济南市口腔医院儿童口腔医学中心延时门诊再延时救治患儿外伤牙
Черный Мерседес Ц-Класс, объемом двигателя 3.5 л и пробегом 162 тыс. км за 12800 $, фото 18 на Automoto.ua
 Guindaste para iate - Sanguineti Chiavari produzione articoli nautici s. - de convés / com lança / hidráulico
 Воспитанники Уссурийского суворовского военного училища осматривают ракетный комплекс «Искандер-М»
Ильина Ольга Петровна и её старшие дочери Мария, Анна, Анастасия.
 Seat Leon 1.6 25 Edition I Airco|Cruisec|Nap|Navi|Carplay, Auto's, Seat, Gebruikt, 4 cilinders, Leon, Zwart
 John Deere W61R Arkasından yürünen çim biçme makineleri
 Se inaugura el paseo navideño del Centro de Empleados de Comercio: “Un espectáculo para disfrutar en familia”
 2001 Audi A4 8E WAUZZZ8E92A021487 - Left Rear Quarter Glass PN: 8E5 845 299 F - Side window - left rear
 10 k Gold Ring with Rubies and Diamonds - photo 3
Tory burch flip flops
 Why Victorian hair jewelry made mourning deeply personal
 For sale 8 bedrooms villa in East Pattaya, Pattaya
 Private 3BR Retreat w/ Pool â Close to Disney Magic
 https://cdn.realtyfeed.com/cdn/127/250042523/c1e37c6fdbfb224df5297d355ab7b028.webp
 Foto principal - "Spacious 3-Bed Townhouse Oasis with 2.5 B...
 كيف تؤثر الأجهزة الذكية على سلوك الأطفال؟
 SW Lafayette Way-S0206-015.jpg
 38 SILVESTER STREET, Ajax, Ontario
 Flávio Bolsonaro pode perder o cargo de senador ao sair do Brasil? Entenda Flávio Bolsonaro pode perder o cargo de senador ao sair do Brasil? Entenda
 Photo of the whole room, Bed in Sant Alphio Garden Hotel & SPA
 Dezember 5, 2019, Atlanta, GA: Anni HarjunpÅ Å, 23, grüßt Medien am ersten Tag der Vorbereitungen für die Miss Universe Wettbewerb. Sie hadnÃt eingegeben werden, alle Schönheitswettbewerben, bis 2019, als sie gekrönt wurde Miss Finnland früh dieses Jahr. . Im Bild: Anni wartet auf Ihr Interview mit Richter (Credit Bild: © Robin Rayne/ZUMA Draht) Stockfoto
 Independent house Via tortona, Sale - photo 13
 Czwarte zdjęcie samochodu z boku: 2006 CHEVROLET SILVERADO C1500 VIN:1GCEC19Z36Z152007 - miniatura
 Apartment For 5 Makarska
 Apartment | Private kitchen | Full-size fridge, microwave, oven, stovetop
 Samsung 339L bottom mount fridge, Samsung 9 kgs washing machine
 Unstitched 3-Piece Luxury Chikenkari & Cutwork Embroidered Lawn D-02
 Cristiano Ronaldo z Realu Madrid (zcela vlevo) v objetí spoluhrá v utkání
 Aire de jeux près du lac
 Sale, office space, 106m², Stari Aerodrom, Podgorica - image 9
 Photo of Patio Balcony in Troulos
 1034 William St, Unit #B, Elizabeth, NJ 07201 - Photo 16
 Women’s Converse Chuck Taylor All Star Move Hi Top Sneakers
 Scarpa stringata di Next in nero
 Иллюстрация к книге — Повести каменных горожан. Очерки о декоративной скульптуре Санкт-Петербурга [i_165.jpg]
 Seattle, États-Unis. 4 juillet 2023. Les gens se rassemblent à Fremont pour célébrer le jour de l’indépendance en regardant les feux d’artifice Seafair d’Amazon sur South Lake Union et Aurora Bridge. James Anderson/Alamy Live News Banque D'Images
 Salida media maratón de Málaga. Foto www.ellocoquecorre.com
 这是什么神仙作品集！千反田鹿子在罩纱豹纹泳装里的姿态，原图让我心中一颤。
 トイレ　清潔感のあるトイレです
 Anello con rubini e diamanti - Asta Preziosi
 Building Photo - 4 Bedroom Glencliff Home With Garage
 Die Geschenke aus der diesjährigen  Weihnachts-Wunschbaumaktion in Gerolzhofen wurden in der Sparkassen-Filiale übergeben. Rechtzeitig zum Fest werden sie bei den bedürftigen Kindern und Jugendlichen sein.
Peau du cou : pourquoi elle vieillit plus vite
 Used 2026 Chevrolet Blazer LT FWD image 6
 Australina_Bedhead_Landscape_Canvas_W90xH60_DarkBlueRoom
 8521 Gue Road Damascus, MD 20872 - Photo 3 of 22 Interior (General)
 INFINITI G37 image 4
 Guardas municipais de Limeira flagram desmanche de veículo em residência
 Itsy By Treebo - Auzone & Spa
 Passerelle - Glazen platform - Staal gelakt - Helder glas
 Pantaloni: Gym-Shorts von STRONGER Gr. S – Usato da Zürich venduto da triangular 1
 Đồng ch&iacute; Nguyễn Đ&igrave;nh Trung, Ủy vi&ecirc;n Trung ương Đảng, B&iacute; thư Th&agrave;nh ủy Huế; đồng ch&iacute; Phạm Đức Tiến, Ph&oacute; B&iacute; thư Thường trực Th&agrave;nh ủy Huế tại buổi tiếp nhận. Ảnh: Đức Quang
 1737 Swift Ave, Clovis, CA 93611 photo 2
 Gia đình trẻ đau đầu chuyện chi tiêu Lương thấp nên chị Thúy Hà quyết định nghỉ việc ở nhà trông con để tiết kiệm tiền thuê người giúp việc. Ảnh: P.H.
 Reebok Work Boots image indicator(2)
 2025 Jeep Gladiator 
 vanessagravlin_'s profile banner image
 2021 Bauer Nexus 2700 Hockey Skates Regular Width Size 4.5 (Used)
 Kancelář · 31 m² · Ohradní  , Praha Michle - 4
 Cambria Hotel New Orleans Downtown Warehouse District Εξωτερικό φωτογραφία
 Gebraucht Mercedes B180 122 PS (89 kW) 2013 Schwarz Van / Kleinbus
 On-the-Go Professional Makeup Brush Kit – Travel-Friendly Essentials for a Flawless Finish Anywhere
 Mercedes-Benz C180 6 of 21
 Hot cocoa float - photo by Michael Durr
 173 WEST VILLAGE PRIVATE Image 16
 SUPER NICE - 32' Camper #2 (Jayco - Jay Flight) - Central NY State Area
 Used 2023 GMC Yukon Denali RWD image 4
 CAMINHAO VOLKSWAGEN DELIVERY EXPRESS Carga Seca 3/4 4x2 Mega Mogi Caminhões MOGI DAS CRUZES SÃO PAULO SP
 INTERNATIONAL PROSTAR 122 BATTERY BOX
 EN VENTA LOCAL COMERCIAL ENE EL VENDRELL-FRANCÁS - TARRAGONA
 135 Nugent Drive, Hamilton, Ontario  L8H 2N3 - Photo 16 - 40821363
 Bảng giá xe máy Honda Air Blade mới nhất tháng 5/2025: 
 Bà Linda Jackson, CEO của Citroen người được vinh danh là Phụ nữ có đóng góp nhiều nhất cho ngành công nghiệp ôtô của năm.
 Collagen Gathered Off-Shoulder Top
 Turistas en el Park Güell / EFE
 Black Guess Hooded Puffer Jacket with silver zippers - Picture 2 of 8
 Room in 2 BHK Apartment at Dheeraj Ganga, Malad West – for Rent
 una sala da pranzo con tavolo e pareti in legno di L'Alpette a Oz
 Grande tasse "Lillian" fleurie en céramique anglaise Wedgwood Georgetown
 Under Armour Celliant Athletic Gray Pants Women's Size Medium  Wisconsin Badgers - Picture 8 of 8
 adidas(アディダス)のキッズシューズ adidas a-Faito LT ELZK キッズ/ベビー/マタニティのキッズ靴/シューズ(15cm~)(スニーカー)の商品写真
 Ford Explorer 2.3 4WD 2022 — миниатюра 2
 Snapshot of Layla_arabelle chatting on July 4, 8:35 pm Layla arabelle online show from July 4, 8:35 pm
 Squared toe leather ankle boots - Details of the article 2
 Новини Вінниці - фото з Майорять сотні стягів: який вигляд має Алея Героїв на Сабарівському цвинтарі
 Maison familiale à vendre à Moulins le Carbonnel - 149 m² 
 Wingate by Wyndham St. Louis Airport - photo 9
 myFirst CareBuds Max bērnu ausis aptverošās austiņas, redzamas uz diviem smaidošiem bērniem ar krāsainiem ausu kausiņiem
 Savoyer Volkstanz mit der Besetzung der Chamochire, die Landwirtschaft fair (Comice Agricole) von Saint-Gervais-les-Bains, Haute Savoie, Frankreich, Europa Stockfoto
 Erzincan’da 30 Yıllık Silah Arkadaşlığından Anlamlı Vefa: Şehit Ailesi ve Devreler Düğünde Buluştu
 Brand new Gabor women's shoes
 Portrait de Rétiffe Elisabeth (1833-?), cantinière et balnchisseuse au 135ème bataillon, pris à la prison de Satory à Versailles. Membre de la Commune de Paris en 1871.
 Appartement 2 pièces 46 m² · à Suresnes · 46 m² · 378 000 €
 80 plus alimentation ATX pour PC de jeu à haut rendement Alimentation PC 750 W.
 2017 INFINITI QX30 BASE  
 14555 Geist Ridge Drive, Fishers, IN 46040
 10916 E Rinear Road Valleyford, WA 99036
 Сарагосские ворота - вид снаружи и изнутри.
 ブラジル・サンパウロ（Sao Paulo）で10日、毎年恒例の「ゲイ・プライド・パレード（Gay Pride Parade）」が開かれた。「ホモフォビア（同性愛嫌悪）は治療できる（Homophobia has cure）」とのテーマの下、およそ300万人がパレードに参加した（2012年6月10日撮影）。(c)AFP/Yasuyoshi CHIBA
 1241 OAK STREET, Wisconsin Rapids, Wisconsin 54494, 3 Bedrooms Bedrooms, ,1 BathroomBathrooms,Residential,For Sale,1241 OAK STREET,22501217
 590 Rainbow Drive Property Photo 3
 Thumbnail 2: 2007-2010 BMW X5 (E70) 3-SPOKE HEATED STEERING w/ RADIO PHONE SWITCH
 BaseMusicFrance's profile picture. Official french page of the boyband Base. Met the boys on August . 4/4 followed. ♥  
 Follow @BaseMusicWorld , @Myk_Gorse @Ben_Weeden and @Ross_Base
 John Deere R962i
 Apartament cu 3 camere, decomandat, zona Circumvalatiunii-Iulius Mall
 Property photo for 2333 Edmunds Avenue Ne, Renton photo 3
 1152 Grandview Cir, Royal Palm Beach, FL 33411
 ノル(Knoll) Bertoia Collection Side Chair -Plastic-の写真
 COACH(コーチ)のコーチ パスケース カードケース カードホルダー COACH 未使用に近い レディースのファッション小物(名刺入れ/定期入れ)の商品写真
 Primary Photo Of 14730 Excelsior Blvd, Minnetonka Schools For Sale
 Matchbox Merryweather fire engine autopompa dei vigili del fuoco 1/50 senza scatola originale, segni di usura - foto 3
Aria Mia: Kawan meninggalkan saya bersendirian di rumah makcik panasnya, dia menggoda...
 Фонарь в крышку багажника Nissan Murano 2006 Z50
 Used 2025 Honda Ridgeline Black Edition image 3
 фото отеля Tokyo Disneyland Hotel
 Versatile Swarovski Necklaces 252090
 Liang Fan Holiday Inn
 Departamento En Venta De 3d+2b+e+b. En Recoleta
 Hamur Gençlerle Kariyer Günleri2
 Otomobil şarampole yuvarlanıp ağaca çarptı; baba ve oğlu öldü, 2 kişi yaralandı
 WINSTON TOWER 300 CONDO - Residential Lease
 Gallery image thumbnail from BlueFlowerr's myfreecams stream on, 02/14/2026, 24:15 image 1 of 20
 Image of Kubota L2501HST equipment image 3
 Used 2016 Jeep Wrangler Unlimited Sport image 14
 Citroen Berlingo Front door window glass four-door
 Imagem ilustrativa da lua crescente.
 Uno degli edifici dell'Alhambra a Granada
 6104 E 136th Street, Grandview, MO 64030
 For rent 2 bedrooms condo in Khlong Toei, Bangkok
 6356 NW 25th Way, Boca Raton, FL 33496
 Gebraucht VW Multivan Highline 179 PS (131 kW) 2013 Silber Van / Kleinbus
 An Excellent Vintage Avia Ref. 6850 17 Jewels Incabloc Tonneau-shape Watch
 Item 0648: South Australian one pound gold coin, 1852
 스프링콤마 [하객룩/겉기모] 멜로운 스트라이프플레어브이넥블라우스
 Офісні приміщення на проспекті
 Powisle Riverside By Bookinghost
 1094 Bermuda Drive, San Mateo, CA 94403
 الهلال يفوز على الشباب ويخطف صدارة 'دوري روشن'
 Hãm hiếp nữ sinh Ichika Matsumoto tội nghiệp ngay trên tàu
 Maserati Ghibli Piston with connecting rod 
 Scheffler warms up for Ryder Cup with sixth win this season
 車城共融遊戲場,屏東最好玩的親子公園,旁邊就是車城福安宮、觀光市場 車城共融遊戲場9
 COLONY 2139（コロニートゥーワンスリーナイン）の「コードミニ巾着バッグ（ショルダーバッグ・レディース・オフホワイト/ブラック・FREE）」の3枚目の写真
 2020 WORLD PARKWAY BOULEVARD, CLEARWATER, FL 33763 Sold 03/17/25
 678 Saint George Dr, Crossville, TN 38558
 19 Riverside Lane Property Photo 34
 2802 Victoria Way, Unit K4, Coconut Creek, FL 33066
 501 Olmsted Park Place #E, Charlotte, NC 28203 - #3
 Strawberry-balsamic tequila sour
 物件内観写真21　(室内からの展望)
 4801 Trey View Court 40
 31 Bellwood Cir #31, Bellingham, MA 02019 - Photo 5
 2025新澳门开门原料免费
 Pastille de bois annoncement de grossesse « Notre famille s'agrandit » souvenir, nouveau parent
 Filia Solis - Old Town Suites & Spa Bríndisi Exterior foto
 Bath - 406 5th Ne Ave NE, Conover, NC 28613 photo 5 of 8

What you should do -> Quote the listing above from its first line to the line with "John Deere W61R", inclusive, and add nothing.

Answer for this exercise ->
济南市口腔医院儿童口腔医学中心延时门诊再延时救治患儿外伤牙
Черный Мерседес Ц-Класс, объемом двигателя 3.5 л и пробегом 162 тыс. км за 12800 $, фото 18 на Automoto.ua
 Guindaste para iate - Sanguineti Chiavari produzione articoli nautici s. - de convés / com lança / hidráulico
 Воспитанники Уссурийского суворовского военного училища осматривают ракетный комплекс «Искандер-М»
Ильина Ольга Петровна и её старшие дочери Мария, Анна, Анастасия.
 Seat Leon 1.6 25 Edition I Airco|Cruisec|Nap|Navi|Carplay, Auto's, Seat, Gebruikt, 4 cilinders, Leon, Zwart
 John Deere W61R Arkasından yürünen çim biçme makineleri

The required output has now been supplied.